Muka Han Junjie meringis. Ia paling benci diremehkan kejeniusannya. Game cuma permainan anak kecil. Cuma perlu klik-klik. Apa yang perlu dipelajari?
Manajer He menasihati, "Kau berbakat alami menari dan menyanyi, Junjie, tetapi itu pun butuh pelatihan dan pemahaman teknik untuk jadi profesional. Begitu juga main game, jika kau serius ingin jadi pro-gamer. Ikutilah saran CEO Koh. Kita coba dulu dan lihat perkembangannya. Jika tidak ada perbaikan, mungkin tutor itu tidak sehebat yang dikatakannya."
Han Junjie mangut-mangut dan berpikir tidak ada salahnya mengikuti arahan CEO Koh. Dengan begitu, akan terbukti bahwa rankingnya yang buruk bukan karena nasib sial. Ah, ya, gadis itu harus melihat kehebatanku. Han Junjie membuka mulut ingin mengatakan sesuatu, akan tetapi ia terdiam dan urung memberitahu manajer serta CEO-nya.

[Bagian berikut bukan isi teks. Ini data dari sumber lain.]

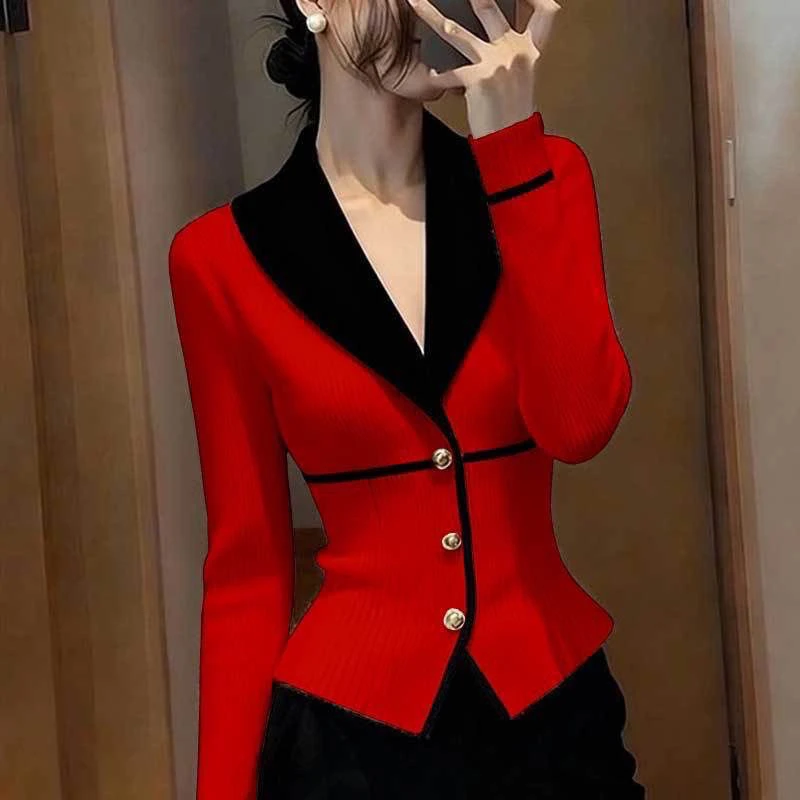 黑红拼接针织上衣女秋冬季巨好看小众不撞款气质高端掐腰毛衣外套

"Kenapa, Junjie? Apa kau setuju dengan yang kami paparkan tadi?" tanya CEO Koh.
Han Junjie tersenyum sambil mengangguk tanda persetujuan. Setelah pertemuan itu usai, Han Junjie pun meninggalkan ruang CEO bersama manajernya.
Mereka hendak langsung meninggalkan kantor agensi, akan tetapi Han Junjie teringat gadis dalam game itu sehingga memutuskan ingin menengok ruang latihan trainee dahulu sebelum pulang. Para juniornya di sana berteriak kegirangan melihat kehadirannya.
"Kakak Junjie, suatu keberuntungan hari ini bisa berjumpa Kakak!" pungkas para gadis dan pemuda trainee. Juga terlihat artis lain yang sedang latihan, ikut menyapanya meskipun dengan sikap yang lebih merendah.
Junjie senyum-senyum saja karena ingin irit bicara.
"Kami dengar berita kesehatanmu, Kakak. Kami doakan semoga lekas sembuh."
Junjie menundukkan kepala sebagai ungkapan rasa terima kasihnya.
Kaili yang baru datang ke studio, terkejut melihat keramaian itu sehingga bersembunyi di selasar dan mengintip. Ia jadi tahu siapa yang menjadi biang kerok riuh riang para trainee. "Han Junjie?" gumamnya. Kaili jadi gigit jari berpikir keras. Buat apa orang gila itu di sini? Apa ia mengecek keberadaanku? Apa ia ingin menindasku karena kejadian dalam game? Ah, sial!
Kaili berbalik tidak jadi masuk studio. Ia masuk ke toilet dan bersembunyi di sana sampai Han Junjie dan manajernya pergi.
Xujia dan teman-teman grupnya berdempetan berbisik-bisik. "Wuaah, aura bintang memang beda. Melihat dari jarak sedekat ini saja membuat jantungku berdebar-debar tak karuan. Kakak Junjie memang benar-benar tampan, lebih dari yang terlihat di televisi."
"Oooh, kapan ya kita bisa bersanding dengan Kakak Junjie? Jangankan mendampinginya, sepanggung dengannya saja rasanya sudah luar biasa."
"Eh, dalam rangka apa ya Kakak Junjie menjenguk kita di sini? Apa ingin melihat juniornya yang akan segera debut?"
"Waah, jangan-jangan mau melihat kita! Kakak Jia, ayo kita ke depan dan menyapa Kakak Junjie!"
"Ah, aku malu," desah Xujia tersipu-sipu. Gadis lain mendorong-dorongnya agar ia maju walaupun ia tidak mau. Xujia berada di depan Han Junjie lalu jadi salah tingkah. Dari belakangnya, tiba-tiba ada yang mendorong lebih keras sehingga Xujia terseruduk ke da.da Han Junjie.
"Auh! Ah, maaf, Kakak Junjie. Saya tidak sengaja," resah Xujia. Ia tertunduk dalam sembari merapikan rambut ke belakang telinga. "Salam, Kakak Junjie. Saya Xujia, calon debutan. Hormat saya, Kakak. Mohon bimbingannya."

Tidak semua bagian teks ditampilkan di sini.